Ultimately, for critical functions or decisions, there must be a mutually balanced engagement with a heavy dose of advisory-based limitations on the LLMs, where the outcomes can have critical implications for humans as well as society.
Looking ahead, what infrastructure and talent investments do you believe will be essential for financial institutions to successfully leverage LLMs at scale?
Simon: This depends on how much of the value creation in financial institutions becomes commoditised and how much value remains in the parts of the processes that can still be a source of differentiation.
If the bulk of a Financial Service Institution's (FSI's) business process can be commoditised with LLMs, then that FSI should put very little investment into infrastructure and talent to support it.
Instead, the focus must shift to parts of the process that need differentiation. Things like sovereign ownership and information assurance may be what drives this, or it might be possible for FSIs to use their data and skills to outcompete generalist hyperscaler models in specialist areas.
As compute grows and LLM technology itself democratises and commoditises, the pendulum could well swing back to the folk who own their own AI.
RD: To scale LLMs safely and effectively, investment in both infrastructure and talent is critical.

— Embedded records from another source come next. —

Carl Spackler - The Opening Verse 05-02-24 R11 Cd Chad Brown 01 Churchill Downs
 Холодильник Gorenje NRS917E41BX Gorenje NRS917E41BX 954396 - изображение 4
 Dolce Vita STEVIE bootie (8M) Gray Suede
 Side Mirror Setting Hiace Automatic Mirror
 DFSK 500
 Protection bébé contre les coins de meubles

On the infrastructure side, secure data pipelines, scalable model hosting environments and integration layers across business systems are foundational.

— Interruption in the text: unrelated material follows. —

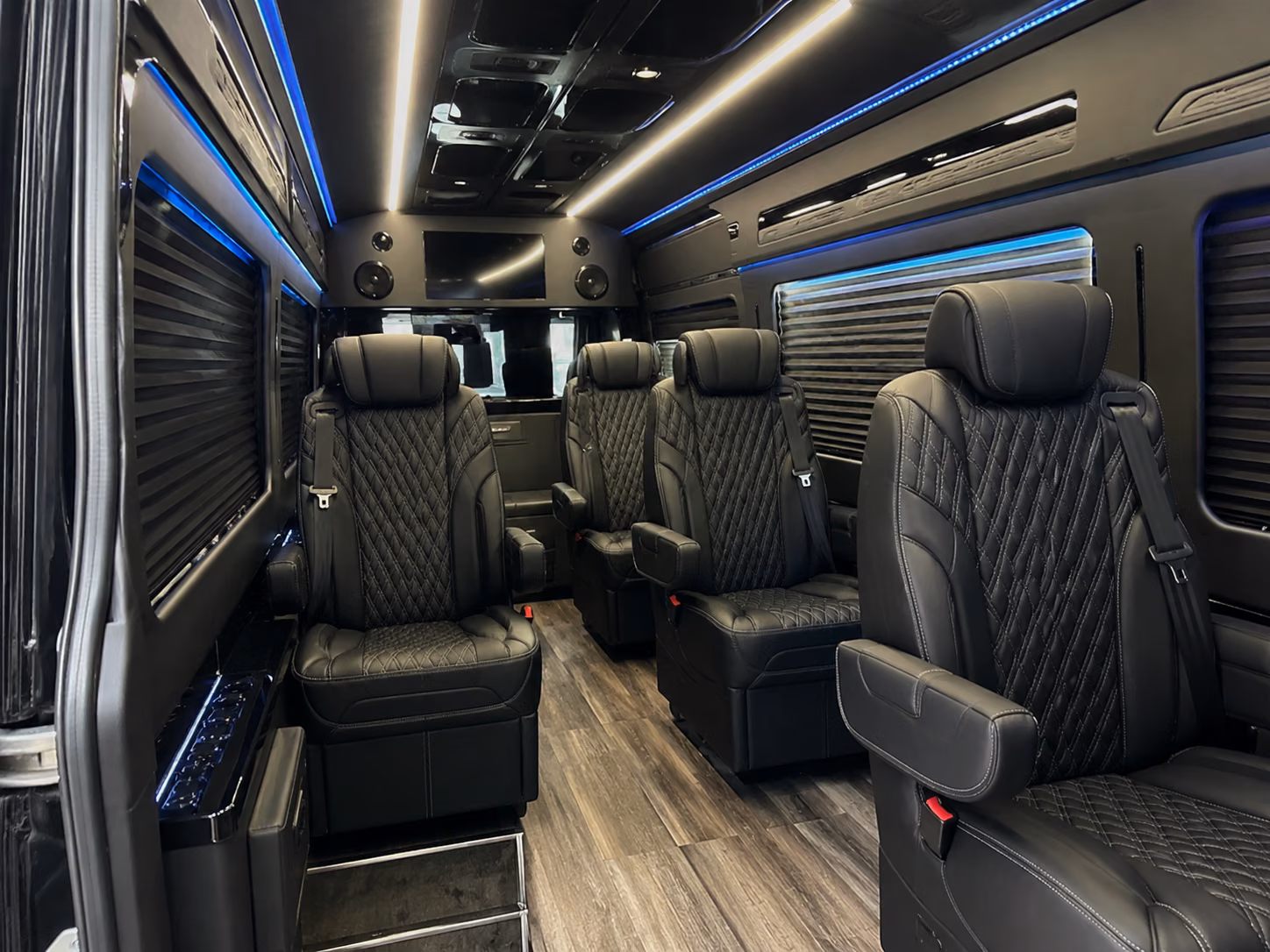 sioux city corporate event transportation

These aren't nice-to-haves - they're the backbone that enables reliable, compliant AI operations at enterprise scale.
On the talent side, it's not just about AI engineers; it's about bringing together product managers, risk leaders, compliance professionals, and domain experts to co-create solutions.
The most successful AI initiatives require cross-functional teams that understand both the technology and the business context.
The institutions investing here today are building the muscle they'll need to lead tomorrow. This isn't just about adopting AI, it's about developing the organisational capabilities to innovate responsibly and execute at scale.
RH: AI safety will become a growing area of focus and investment. A core element of this will be the need for firms to invest in an enterprise-wide AIOps platform that integrates a range of capabilities to support a robust model lifecycle management capability as well as security requirements.
As well as supporting AI Safety, this also helps give firms the agility to comply with rapidly evolving operational and regulatory requirements.
Open-source AI tools that are community-developed and carefully managed can ensure a high degree of operational resiliency. They can provide the ability to run critical AI workloads on any platform while providing the required accessibility and agility transparently and consistently across the enterprise.
Investments in wide-scale enablement and learning programmes are critical to a firm's ability to effectively and safely integrate gen AI capabilities into business workflow processes and customer-facing capabilities in a trustworthy manner.
Agentic AI offers exciting transformative capabilities, not only for executing complex workflows, but potentially supporting autonomous oversight capabilities as part of a robust AI Safety framework.
These capabilities can improve current methods used for monitoring, validating and correcting outputs that are inaccurate, biased, or misleading.